Ask HN: What to do if i only manage to attract goldiggers? - choot
I am a newly minted tech wealthy.
I only manage to attract goldiggers. I am looking for serious advises from post tech noveu rich folks.
======
aurizon
Stop acting like a 'nouveau rich' \- that is like dead meat to gold digging
flies... What kind of car do you drive etc ... Notice how the rich usually
dress down in casually public places - shopping etc. Avoid live-in girls,
amazing how soon them are common law wives after a while. Never allow a girl
to change her address to yours because she moves so often. After 2 years she
can point to her drivers licence etc as proof she lived with you for many
years, and btw = half of what you have...

------
caymanjim
Unless you're a celebrity, the only thing people know about you is what you
tell them.

------
simonblack
I would guess that you're spending a lot of time, angst and money on your
'image': flash watch, flash clothes, flash car, flash house. That's just
normal for the "newly minted .... wealthy."
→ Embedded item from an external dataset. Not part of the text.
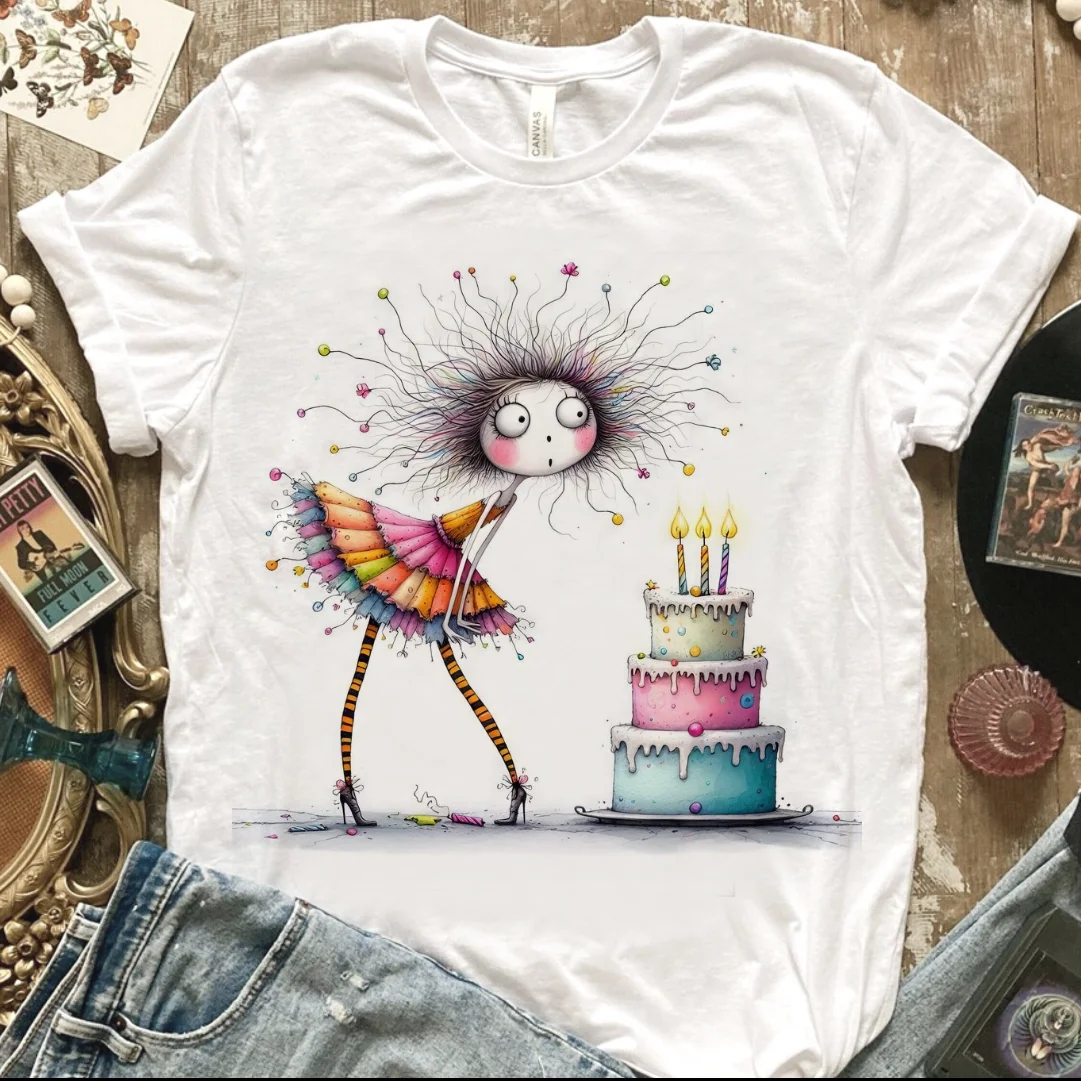 Милая модная футболка для девочек модный топ Женская Новогодняя с рисунком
People who are born to money never need to display it. They have the quiet
confidence that it's there when they want to use it, and never need to 'prove
something'.

So their clothes are very often not flash, and maybe even a good brand that
was picked up cheap at a Goodwill Store.

They might drive a good but quite old car that isn't/wasn't 'top of range'
like maybe a 5-year-old Mercedes C-class. Why have an extra-expensive sports
car? The C-Class is good enough for local driving up to say 300 miles.
Anything further and you travel by air and very probably in Business Class.

------
alexgmcm
Maybe try to meet people in non-professional contexts - I met my girlfriend
via a language learning group, for example.

We were already friends before she knew what I did and certainly very good
friends before she had any idea of my salary.

That said I'm not 'noveau-rich' just well-paid for my age and area.

------
cimmanom
What aspects of your personality would be appealing to a partner even if you
were broke? Cultivate those.